In the UFC you could loosely break fighters into three different groups based on their weight classes. There are the big men – the heavyweights and some light heavyweights – though not as many now as there used to be as the light heavyweights have become more technical and less about brute force. There are the little guys – the Bantamweights, featherweights, and lightweights. Then there are the guys in the middle – the welterweights and middleweights. If we ignore the middle group for a minute then there is a striking difference between the light fighters and the heavy ones. They are different in style, different in strengths and weaknesses, and different in strategy. That means that handicappers who wish to successfully handicap the UFC need to treat the two different types of fighters differently as well. Here’s a look at five differences between light and heavy fighters, what it means for handicappers, and mistakes that bettors need to avoid:
First round strategy – There are knockout specialists in lower weight classes, but it is far more common in heavier weight classes. It’s also far more common for a heavy fighter to need a knockout to win. Those are the types of fighters who will come out very strong looking for an opening to land the final punch. If they don’t get that opportunity in the first round or the second then they are likely to be out of gas and ineffective. The heavier the fighters are, then, the more aware you need to be of how dependent a fighter is on the knockout.
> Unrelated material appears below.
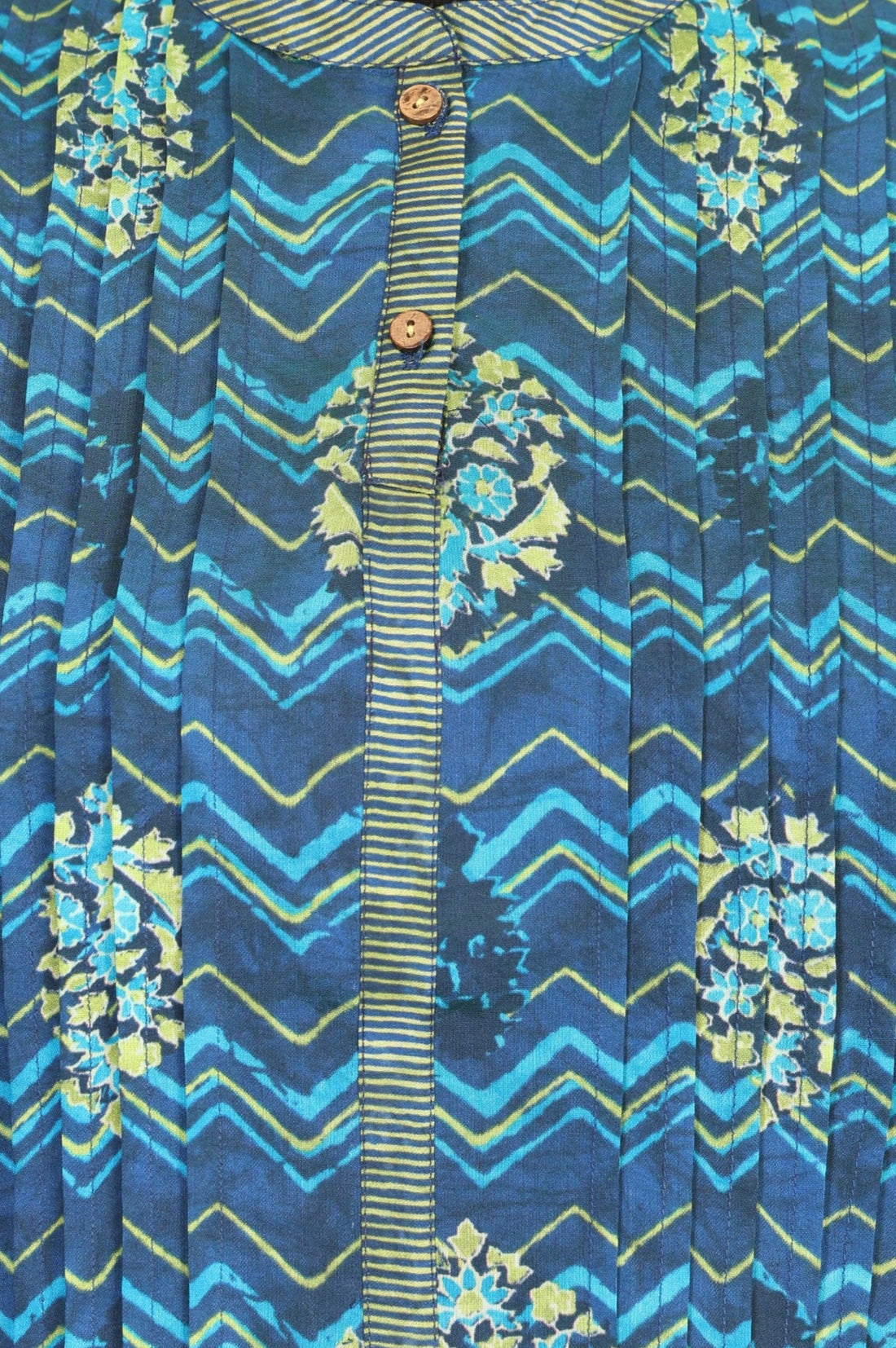 Teal Geometric Printed Pintucks Straight Kurta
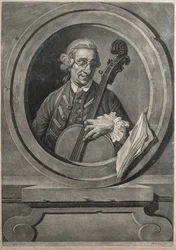 Porträtt av en musiker, möjligen Franz Joseph Haydn (1732-1809), graverad av M.A. Picot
You also need to be very aware of how prone the opponent is to getting knocked out. One of the biggest mistakes you can make is assuming a guy will get knocked out when he has shown time and again that he has a solid chin and is very hard to get down.
Stamina – There are exceptions, of course, but for the most part stamina becomes a bigger issue the bigger fighters are. There are heavy fighters with phenomenal stamina, but it is also very common for heavy fighters to lack the ability to compete at a high level deep into a fight. The logic for that is simple – they are carrying more weight, and they are facing an opponent with more weight and strength as well. While stamina often isn’t a particularly significant factor in the handicapping of light fighters it can be the defining factor when looking at heavy fighters. It’s especially important if the fighters are likely to spend a lot of time locked together – either standing up or on the ground. When fighters are separated they can recover their energy, but when they are actively engaged it is draining them, and their stamina reserves are called on more.
Technical competence – This isn’t a fair statement for some heavy fighters, but as a general rule lighter fighters are much more technically proficient than heavy ones. Heavy fighters will often rely more on weight, strength and momentum, while lighter guys will use technique to get their edge. The lighter a fighter is, then, the more effort you have to put into understanding how technically proficient they are, how effective their opponent is, which fighter will have an edge, and what that means for the outcome of the fight. You also need to be more concerned with lighter fighters if a fighter has a clear technical edge because heavier fighters are more often able to overcome that edge if they have advantages in size, strength, and length.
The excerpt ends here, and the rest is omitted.